The above equations are solved simultaneously under different situations of the medium to obtain the in-medium values of scalar and vector fields, which are further used to evaluate other thermodynamic properties and the EoS.

2.2 Thermodynamics of \(\beta \)-equilibrated SQM and structure of strange quark stars

The initial stage of SQS known as PSQS is composed of quarks (u, d, s) and leptons (e, \(\mu \), \(\nu _e\) and \(\nu _{\mu }\)) maintaining the weak \(\beta \)- equilibrium and the charge neutrality.

The weak \(\beta \)-equilibrium conditions are expressed as [45, 46]

$$\begin{aligned}&\mu _{d}=\mu _{s}=\mu _{u}+\mu _e-\mu _{\nu _e}, \end{aligned}$$

(44)

$$\begin{aligned}&\mu _{\mu }=\mu _e \quad \text {and}\quad \mu _{{\nu }_{\mu }}=\mu _{\nu _e}. \end{aligned}$$

(45)

Additionally, the condition for electric charge neutrality is written as

$$\begin{aligned} \frac{2}{3}\rho _u=\frac{1}{3}\rho _d+\frac{1}{3}\rho _s+\rho _e+\rho _{\mu }. \end{aligned}$$

(46)

The total baryon density can be articulated in terms of number density of quarks as

$$\begin{aligned} \rho _B=\frac{1}{3} (\rho _u+\rho _d+\rho _s). \end{aligned}$$

(47)

Using thermodynamical potential density, \(\Omega \), one can evaluate the pressure, p, free energy density, F, and the energy density, \(\epsilon \), through the relations

$$\begin{aligned} p= & {} -\Omega , \end{aligned}$$

(48)

$$\begin{aligned} F= & {} \Omega +\sum _{i=q, l} {\mu _i}^{*} {\rho _i}, \end{aligned}$$

(49)

and

$$\begin{aligned} \epsilon =\Omega +\sum _{i=q, l} {\mu _i}^{*} \rho _i+TS, \end{aligned}$$

(50)

respectively.

The EoS of quark matter calculated using the above relations can be used further to obtain the mass-radius relation of QSs by solving the Tolman-Oppenheimer-Volkov (TOV) equations (in units \(G=c=1\)) [91]
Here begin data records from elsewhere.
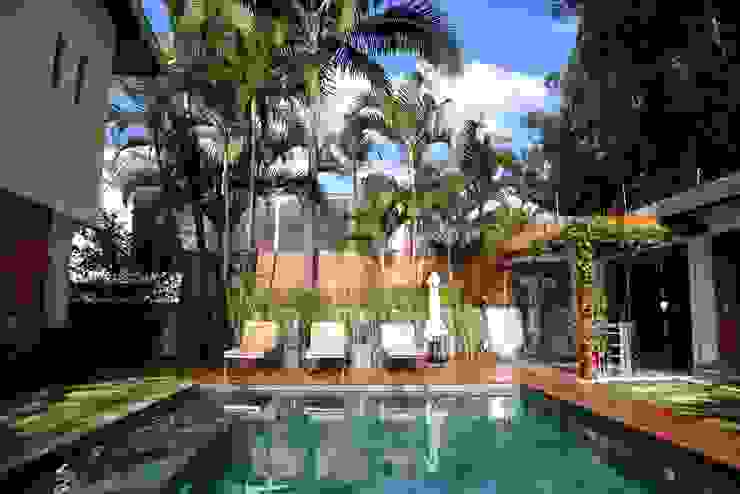 Modern Pool by MeyerCortez arquitetura & design Modern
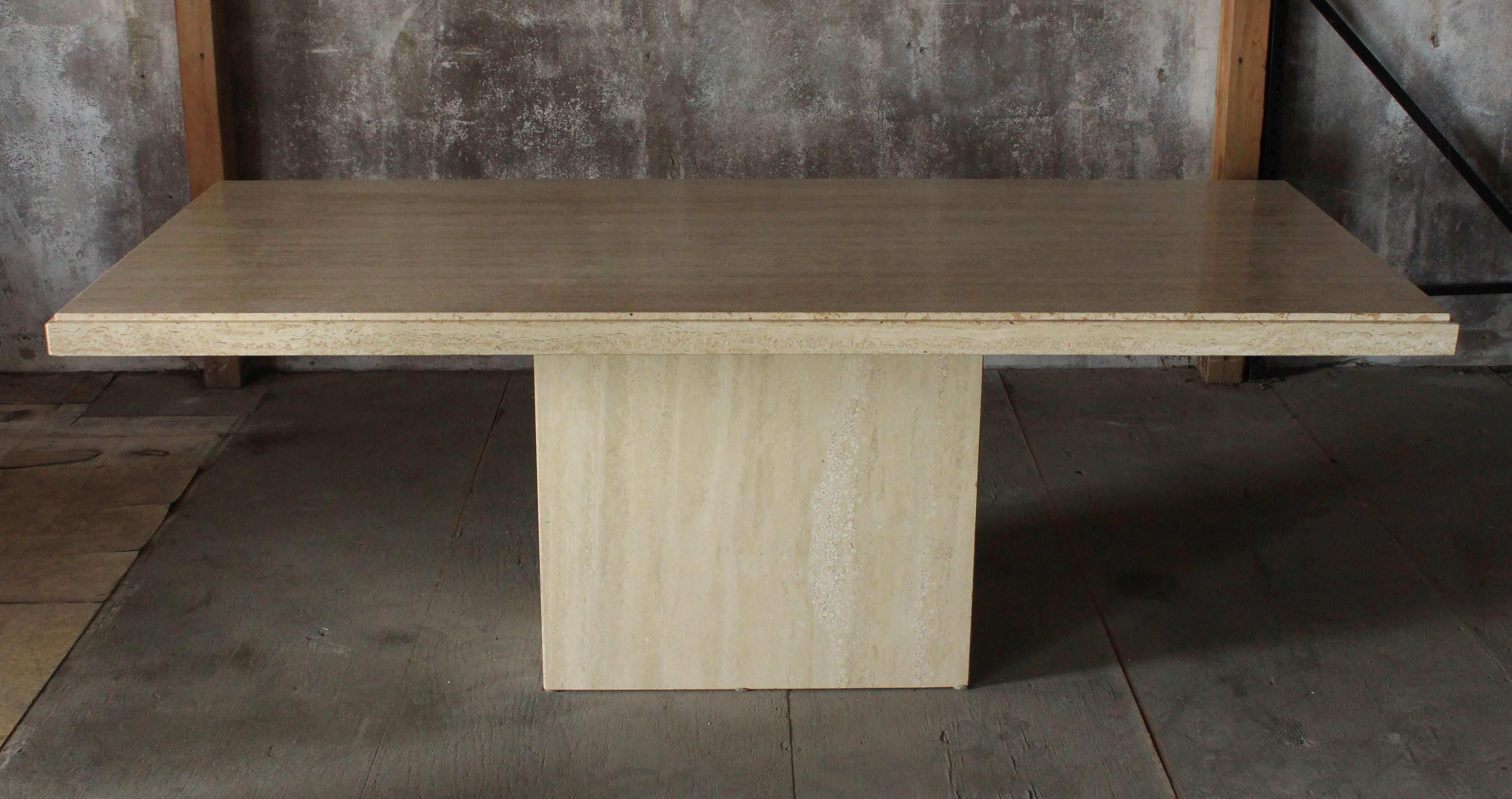 Spesso la semplicità è meglio! Questo elegante tavolo da pranzo rettangolare ce lo dimostra. Marmo travertino riempito e lucidato, con la giusta quantità di attraenti venature naturali. E una finitura brunita a bassa lucentezza ma molto resistente.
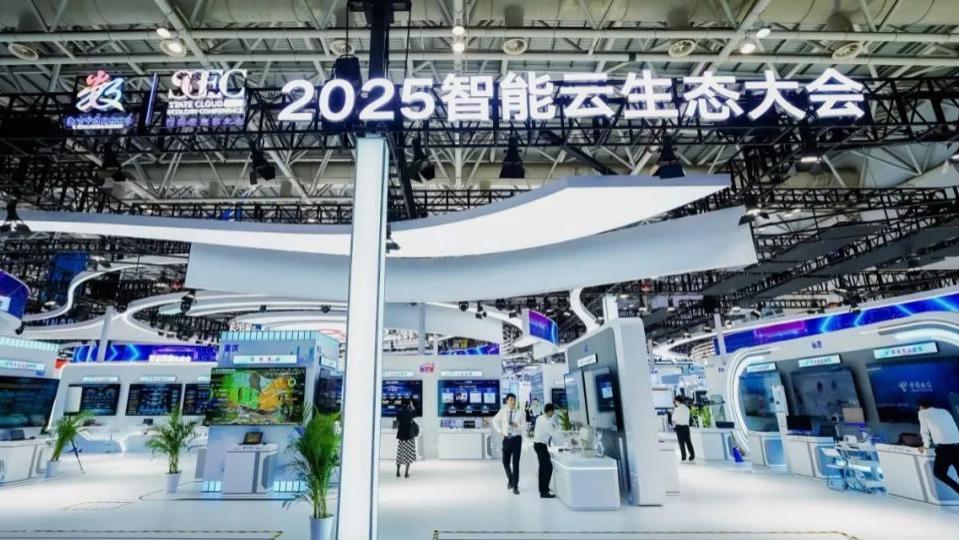 如何破解AI加速发展难题？中国电信给出“五位一体”答案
$$\begin{aligned} \frac{dM}{dr}= & {} 4\pi r^2 \epsilon (r), \end{aligned}$$

(51)

$$\begin{aligned} \frac{dp}{dr}= & {} -\frac{\epsilon (r)M(r)}{r^2}\bigg [1+\frac{p(r)}{\epsilon (r)}\bigg ] \bigg [1+\frac{4\pi p(r)r^3}{M(r)}\bigg ]\nonumber \\&\times \bigg [1-\frac{2GM(r)}{r}\bigg ]^{-1}. \end{aligned}$$

(52)

In above, M(r) is the total mass within the sphere of radius r, \(\epsilon (r)\) is the corresponding energy density, p(r) is the pressure, and G is the Newton’s gravitational constant. In Eq. (52) the first two factors in the square brackets denote the special relativity corrections of order \(v^2/c^2\), and these factors reduce to 1 in the non-relativistic limit. The last set of brackets is a general relativistic correction. The gravitational mass \(M=M(r=R)\) of the star is the mass enclosed within the star’s radius.
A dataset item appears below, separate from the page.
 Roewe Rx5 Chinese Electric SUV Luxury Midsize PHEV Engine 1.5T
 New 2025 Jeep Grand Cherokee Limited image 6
The gravitational waves emitted from the merger of two compact stars serve as another probe to the study of the EoS of dense matter. To calculate the tidal deformability and Love number, along with TOV equations, we need to solve the differential equations [58, 92,93,94]
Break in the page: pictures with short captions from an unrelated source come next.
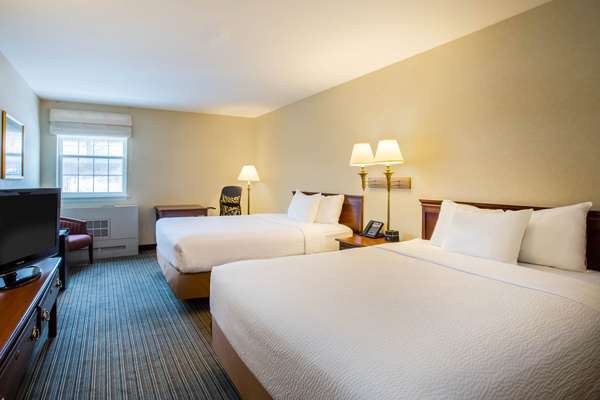  - La Quinta Inn & Suites St Albans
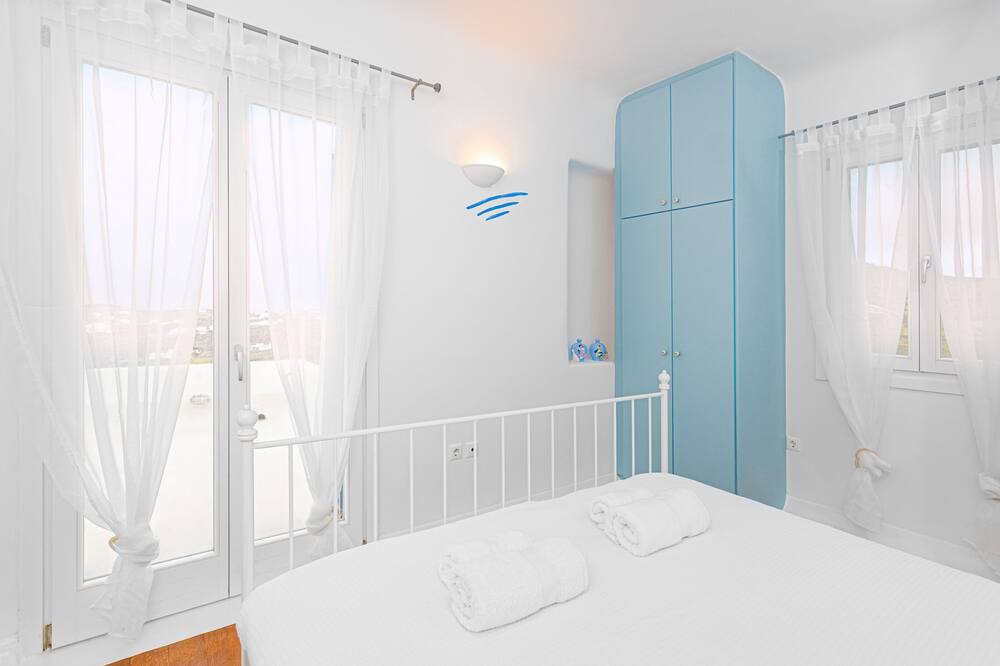Photo of Bedroom in Ano Mera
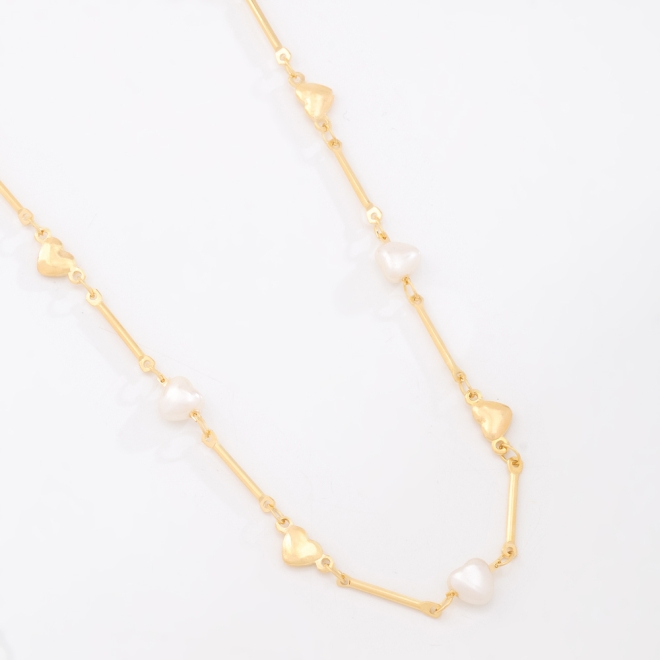 GR-00364 COLAR BANHADO A OURO 18K COM DETALHES EM PÉROLAS DE CORAÇÃO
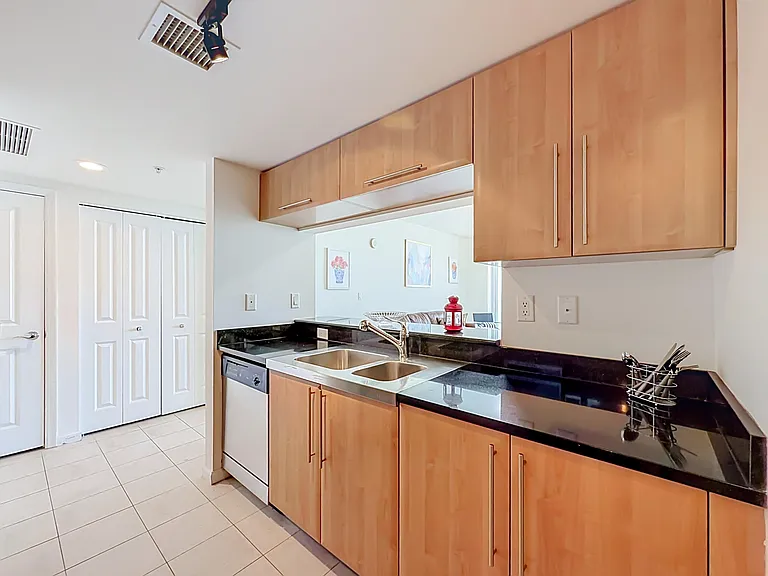 610 W Las Olas Blvd #1819N — Photo 18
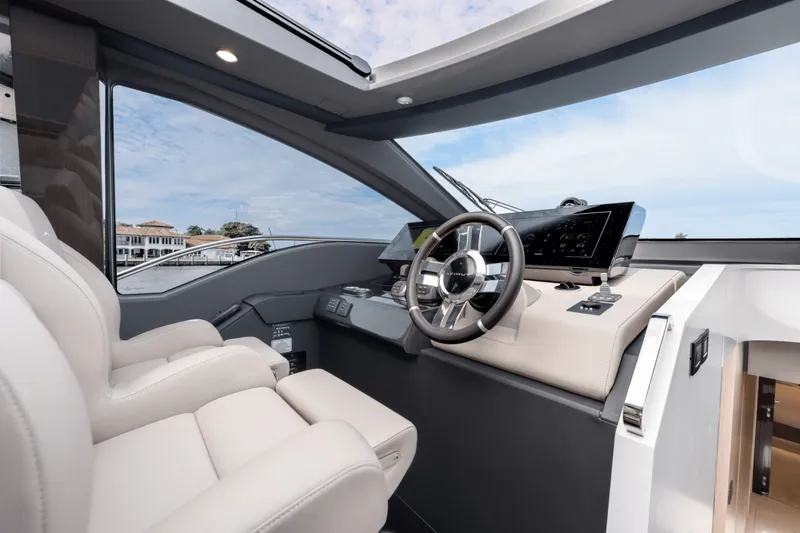 Slide: The Image of Azimut S8 2024 - 23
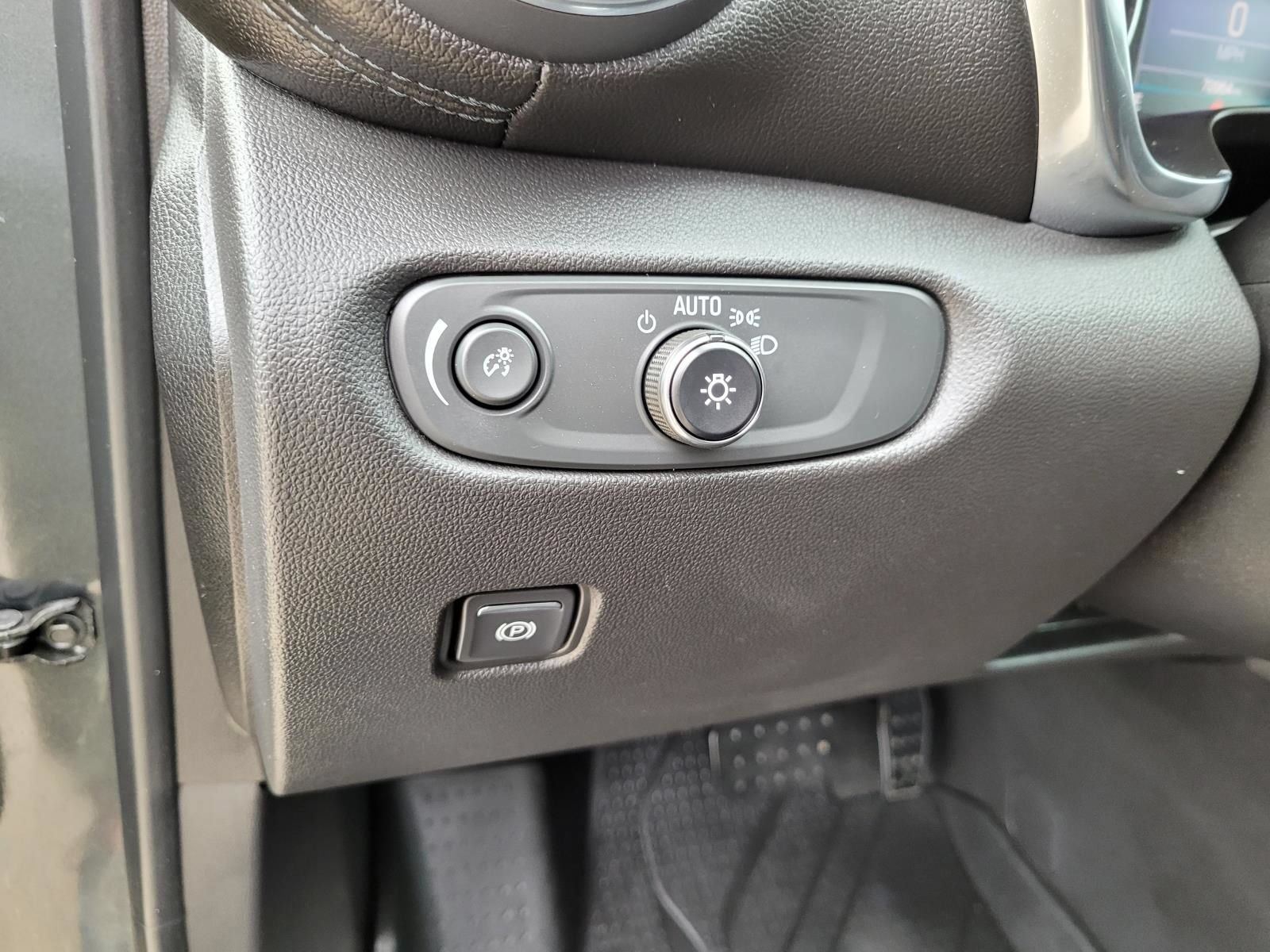 Used 2019 Chevrolet Blazer LT FWD image 23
$$\begin{aligned} \frac{\mathrm {d}H(r)}{\mathrm {d}r}= & {} \beta , \end{aligned}$$

(53)

$$\begin{aligned} \frac{\mathrm {d} \beta (r)}{\mathrm {d} r}= & {} 2\left( 1-2 \frac{M}{r}\right) ^{-1} H\Bigg \{-2 \pi [5 \epsilon +9 P+f(\epsilon +P)] \nonumber \\&\left. +\frac{3}{r^{2}}+2\left( 1-2 \frac{M}{r}\right) ^{-1}\left( \frac{M}{r^{2}}+4 \pi r P\right) ^{2}\right\} +\frac{2 \beta }{r}\left( 1-2 \frac{M}{r}\right) ^{-1}\left\{ -1+\frac{M}{r}+2 \pi r^{2}(\epsilon -P)\right\} , \end{aligned}$$

(54)

where H(r) is the metric function and f is defined as \(\mathrm {d}\epsilon /\mathrm {d}p\). The integration will start from the center with the expansions \( H(r)=a_{0}r^{2} \) and \( \beta (r)=2a_{0}r \) as the radius \( r\rightarrow 0 \). The love number measures the distortion of the shape of the surface of a star by an external tidal field. The tidal deformability, \(\Lambda \), is related to the \(l=2\) dimensional love number \(k_2\) through the relation \(\Lambda =\frac{2}{3}k_2\left( C\right) ^{-5}\), with \(k_2\) given by [93, 95]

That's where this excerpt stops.